All things being equal, no two things really are equal, are they? That strange little fact, along with a rule thought up by an Italian economist, could improve your fiction writing, or at least allow you to manage your fiction-writing time and other resources better.

220px-Vilfredo_ParetoVilfredo Pareto came up with a principle now named for him—the Pareto Principle. It’s also called the “80-20 Rule” and the “Law of the Vital Few.” Pareto noted the following inequalities, or uneven distributions: only 20% of the Italian people owned 80% of the land, and in his garden, 20% of the peapods contained 80% of the peas.

It’s surprising how often this rule applies in everyday life, and it could even apply to your writing. Let’s say you’ve written ten stories and had them published, and over a given period, here were the number of sales:

Title Sales
The Wind-Sphere Ship 12
Within Victorian Mists 40
Alexander’s Odyssey 8
Leonardo’s Lion 4
A Steampunk Carol 9
The Six Hundred Dollar Man 6
A Tale More True 1
Rallying Cry / Last Vessel of Atlantis 2
To Be First/Wheels of Heaven 1
Time’s Deforméd Hand 4

If I sort the data in order from most to least, make a bar chart, and add a line representing the cumulative percentage, I get a Pareto Chart, like this:

Pareto chart

If these really were my sales numbers, I’d note it’s not quite true that 20% of my stories were getting 80% of the sales, but this graph still illustrates the concept of the vital few.

Seeing this data, you might be tempted to shift all your marketing efforts to the three or four books currently selling well.

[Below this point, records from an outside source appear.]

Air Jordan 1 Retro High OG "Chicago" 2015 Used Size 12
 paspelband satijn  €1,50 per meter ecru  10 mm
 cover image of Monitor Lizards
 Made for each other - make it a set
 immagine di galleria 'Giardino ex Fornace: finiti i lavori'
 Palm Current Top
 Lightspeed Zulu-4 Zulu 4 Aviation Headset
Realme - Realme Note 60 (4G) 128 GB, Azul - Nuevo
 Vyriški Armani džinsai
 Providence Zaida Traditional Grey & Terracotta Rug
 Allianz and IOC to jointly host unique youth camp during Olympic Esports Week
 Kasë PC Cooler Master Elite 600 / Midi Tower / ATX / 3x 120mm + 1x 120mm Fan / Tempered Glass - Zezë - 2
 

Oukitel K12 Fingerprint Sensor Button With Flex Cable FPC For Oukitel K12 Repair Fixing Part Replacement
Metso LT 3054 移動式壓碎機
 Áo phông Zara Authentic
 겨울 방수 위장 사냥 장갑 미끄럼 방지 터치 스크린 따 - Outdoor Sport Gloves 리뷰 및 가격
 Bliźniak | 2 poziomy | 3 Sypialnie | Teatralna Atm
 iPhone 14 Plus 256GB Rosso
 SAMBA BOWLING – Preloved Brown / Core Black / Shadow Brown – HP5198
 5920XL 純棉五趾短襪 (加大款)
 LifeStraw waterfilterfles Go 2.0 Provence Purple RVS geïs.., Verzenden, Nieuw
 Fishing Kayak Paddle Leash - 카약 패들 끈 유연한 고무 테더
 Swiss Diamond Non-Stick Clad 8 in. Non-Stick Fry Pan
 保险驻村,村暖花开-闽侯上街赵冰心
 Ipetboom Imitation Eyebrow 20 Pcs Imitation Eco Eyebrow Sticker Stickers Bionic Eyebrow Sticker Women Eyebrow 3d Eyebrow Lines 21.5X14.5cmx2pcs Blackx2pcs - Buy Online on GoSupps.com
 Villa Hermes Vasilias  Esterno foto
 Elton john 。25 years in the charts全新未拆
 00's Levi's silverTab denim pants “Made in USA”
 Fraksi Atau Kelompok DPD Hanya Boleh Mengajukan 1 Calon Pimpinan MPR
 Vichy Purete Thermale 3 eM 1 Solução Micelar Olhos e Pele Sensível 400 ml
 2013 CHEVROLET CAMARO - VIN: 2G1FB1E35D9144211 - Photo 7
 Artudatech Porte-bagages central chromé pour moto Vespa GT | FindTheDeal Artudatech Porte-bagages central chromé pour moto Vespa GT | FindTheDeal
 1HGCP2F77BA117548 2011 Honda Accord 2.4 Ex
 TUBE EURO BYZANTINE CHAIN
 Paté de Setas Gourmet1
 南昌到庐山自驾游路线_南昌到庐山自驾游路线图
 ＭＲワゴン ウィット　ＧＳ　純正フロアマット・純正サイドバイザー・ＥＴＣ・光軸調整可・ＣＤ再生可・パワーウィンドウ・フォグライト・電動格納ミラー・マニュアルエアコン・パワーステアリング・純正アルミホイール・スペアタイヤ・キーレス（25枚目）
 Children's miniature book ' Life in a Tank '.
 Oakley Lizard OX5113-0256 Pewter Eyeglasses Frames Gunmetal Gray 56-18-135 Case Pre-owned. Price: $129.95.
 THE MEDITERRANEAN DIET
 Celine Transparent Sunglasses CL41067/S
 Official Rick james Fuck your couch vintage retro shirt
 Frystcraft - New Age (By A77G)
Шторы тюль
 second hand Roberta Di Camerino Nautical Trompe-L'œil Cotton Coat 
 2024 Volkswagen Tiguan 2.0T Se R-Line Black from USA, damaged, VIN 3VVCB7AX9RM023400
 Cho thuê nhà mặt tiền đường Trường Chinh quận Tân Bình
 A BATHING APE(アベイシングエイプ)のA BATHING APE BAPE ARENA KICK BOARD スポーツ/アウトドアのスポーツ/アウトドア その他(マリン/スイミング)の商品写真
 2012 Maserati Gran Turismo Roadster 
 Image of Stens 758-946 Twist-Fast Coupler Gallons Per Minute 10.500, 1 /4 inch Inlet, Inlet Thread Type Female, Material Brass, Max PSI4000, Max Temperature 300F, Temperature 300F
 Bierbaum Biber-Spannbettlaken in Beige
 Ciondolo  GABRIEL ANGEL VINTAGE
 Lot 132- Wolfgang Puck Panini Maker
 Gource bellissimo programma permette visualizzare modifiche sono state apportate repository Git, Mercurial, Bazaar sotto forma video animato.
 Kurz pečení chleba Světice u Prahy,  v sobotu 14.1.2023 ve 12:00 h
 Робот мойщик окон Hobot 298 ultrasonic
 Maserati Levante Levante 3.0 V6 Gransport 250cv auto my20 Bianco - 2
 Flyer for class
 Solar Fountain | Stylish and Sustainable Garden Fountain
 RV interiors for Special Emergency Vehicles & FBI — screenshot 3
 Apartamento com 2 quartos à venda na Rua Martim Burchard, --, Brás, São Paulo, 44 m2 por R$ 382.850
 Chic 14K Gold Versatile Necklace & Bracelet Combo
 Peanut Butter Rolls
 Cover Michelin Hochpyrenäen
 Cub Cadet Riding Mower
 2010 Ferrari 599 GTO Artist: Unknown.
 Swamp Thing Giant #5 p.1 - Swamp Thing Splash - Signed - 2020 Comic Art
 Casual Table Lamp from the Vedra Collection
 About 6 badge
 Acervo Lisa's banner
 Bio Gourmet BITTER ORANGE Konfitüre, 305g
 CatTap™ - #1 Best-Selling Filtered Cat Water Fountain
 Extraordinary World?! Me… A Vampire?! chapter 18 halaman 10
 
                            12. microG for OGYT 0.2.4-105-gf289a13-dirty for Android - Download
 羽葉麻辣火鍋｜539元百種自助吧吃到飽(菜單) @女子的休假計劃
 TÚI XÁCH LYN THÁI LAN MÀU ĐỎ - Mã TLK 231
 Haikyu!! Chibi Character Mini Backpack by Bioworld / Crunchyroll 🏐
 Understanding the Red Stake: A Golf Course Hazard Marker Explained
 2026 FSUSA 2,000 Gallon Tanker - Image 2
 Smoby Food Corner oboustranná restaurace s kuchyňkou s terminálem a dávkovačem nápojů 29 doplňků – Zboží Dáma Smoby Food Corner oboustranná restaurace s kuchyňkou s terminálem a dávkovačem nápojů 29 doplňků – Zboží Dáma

Not a bad idea, but I’d caution you to continue monitoring the books out at the ‘tail’ of the curve. Watch for a book that’s trending leftward and increasing in popularity.

If you had enough data on your (and others’) writing efforts, you might find:

  • 80% of your writing time is spent on 20% of your writing product. Thanks to Bob Parnell for this one, and the next two.
  • 20% of all writers achieve 80% of the sales income.
  • 20% of writers are sending 80% of the submissions to publishers.
  • 20% of your science fiction world-building will be enough to satisfy 80% of your story’s needs. Thanks to Veronica Sicoe for that.
  • 80% of your sales come from 20% of your marketing efforts.
  • 20% of your blog posts get 80% of the hits.
  • 80% of all fiction book sales occur in 20% of the genres.

I’d caution you not to take a strict interpretation of the Pareto Principle. It’s just a guide to show you the outputs of your efforts are not uniform, and give you ideas about where to focus. There’s a good critique of the Pareto Principle written in a guest post by author Debbi Mack.